Task :: This task calls for every entry below to be repeated exactly.

** Opening Given entries block **

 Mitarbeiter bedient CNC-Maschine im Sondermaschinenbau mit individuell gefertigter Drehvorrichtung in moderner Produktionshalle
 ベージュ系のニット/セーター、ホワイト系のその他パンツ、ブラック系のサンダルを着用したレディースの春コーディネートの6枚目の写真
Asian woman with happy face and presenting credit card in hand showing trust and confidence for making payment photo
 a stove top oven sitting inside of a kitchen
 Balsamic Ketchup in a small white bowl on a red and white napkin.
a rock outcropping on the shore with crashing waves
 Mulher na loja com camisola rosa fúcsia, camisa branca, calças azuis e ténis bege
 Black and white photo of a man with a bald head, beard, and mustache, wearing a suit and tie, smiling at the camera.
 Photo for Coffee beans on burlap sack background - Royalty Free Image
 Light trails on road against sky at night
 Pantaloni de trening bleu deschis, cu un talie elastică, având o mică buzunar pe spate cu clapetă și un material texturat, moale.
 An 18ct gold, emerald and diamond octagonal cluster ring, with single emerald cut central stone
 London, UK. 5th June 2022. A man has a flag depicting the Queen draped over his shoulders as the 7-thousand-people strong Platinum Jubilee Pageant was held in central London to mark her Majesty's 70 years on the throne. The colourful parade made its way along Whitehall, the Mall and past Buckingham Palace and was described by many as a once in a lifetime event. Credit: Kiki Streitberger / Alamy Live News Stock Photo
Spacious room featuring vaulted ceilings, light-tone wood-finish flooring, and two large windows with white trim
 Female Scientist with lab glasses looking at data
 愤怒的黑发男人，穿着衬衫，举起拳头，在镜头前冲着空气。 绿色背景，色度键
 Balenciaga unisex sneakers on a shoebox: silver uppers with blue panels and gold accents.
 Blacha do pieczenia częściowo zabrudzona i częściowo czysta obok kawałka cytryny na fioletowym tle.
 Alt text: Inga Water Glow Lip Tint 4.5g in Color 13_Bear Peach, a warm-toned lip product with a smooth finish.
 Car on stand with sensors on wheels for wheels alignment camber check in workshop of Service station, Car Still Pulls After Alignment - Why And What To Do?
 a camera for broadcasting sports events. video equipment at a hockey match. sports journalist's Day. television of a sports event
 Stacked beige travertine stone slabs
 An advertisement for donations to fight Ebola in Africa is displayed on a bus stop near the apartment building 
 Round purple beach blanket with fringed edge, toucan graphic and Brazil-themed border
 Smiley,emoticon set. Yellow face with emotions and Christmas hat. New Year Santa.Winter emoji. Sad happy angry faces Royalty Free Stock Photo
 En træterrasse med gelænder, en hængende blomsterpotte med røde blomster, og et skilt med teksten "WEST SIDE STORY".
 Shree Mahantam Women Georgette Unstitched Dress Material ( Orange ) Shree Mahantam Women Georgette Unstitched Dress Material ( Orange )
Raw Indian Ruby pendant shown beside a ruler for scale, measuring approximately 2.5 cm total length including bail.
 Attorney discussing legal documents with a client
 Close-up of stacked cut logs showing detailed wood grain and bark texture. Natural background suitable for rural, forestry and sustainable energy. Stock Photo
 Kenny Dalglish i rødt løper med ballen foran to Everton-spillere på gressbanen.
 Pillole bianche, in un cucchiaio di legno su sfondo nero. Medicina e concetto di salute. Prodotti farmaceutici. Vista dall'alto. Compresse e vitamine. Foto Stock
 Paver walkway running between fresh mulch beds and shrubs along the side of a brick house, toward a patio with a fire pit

** Closing Given entries block **

Finished exercise ::
 Mitarbeiter bedient CNC-Maschine im Sondermaschinenbau mit individuell gefertigter Drehvorrichtung in moderner Produktionshalle
 ベージュ系のニット/セーター、ホワイト系のその他パンツ、ブラック系のサンダルを着用したレディースの春コーディネートの6枚目の写真
Asian woman with happy face and presenting credit card in hand showing trust and confidence for making payment photo
 a stove top oven sitting inside of a kitchen
 Balsamic Ketchup in a small white bowl on a red and white napkin.
a rock outcropping on the shore with crashing waves
 Mulher na loja com camisola rosa fúcsia, camisa branca, calças azuis e ténis bege
 Black and white photo of a man with a bald head, beard, and mustache, wearing a suit and tie, smiling at the camera.
 Photo for Coffee beans on burlap sack background - Royalty Free Image
 Light trails on road against sky at night
 Pantaloni de trening bleu deschis, cu un talie elastică, având o mică buzunar pe spate cu clapetă și un material texturat, moale.
 An 18ct gold, emerald and diamond octagonal cluster ring, with single emerald cut central stone
 London, UK. 5th June 2022. A man has a flag depicting the Queen draped over his shoulders as the 7-thousand-people strong Platinum Jubilee Pageant was held in central London to mark her Majesty's 70 years on the throne. The colourful parade made its way along Whitehall, the Mall and past Buckingham Palace and was described by many as a once in a lifetime event. Credit: Kiki Streitberger / Alamy Live News Stock Photo
Spacious room featuring vaulted ceilings, light-tone wood-finish flooring, and two large windows with white trim
 Female Scientist with lab glasses looking at data
 愤怒的黑发男人，穿着衬衫，举起拳头，在镜头前冲着空气。 绿色背景，色度键
 Balenciaga unisex sneakers on a shoebox: silver uppers with blue panels and gold accents.
 Blacha do pieczenia częściowo zabrudzona i częściowo czysta obok kawałka cytryny na fioletowym tle.
 Alt text: Inga Water Glow Lip Tint 4.5g in Color 13_Bear Peach, a warm-toned lip product with a smooth finish.
 Car on stand with sensors on wheels for wheels alignment camber check in workshop of Service station, Car Still Pulls After Alignment - Why And What To Do?
 a camera for broadcasting sports events. video equipment at a hockey match. sports journalist's Day. television of a sports event
 Stacked beige travertine stone slabs
 An advertisement for donations to fight Ebola in Africa is displayed on a bus stop near the apartment building 
 Round purple beach blanket with fringed edge, toucan graphic and Brazil-themed border
 Smiley,emoticon set. Yellow face with emotions and Christmas hat. New Year Santa.Winter emoji. Sad happy angry faces Royalty Free Stock Photo
 En træterrasse med gelænder, en hængende blomsterpotte med røde blomster, og et skilt med teksten "WEST SIDE STORY".
 Shree Mahantam Women Georgette Unstitched Dress Material ( Orange ) Shree Mahantam Women Georgette Unstitched Dress Material ( Orange )
Raw Indian Ruby pendant shown beside a ruler for scale, measuring approximately 2.5 cm total length including bail.
 Attorney discussing legal documents with a client
 Close-up of stacked cut logs showing detailed wood grain and bark texture. Natural background suitable for rural, forestry and sustainable energy. Stock Photo
 Kenny Dalglish i rødt løper med ballen foran to Everton-spillere på gressbanen.
 Pillole bianche, in un cucchiaio di legno su sfondo nero. Medicina e concetto di salute. Prodotti farmaceutici. Vista dall'alto. Compresse e vitamine. Foto Stock
 Paver walkway running between fresh mulch beds and shrubs along the side of a brick house, toward a patio with a fire pit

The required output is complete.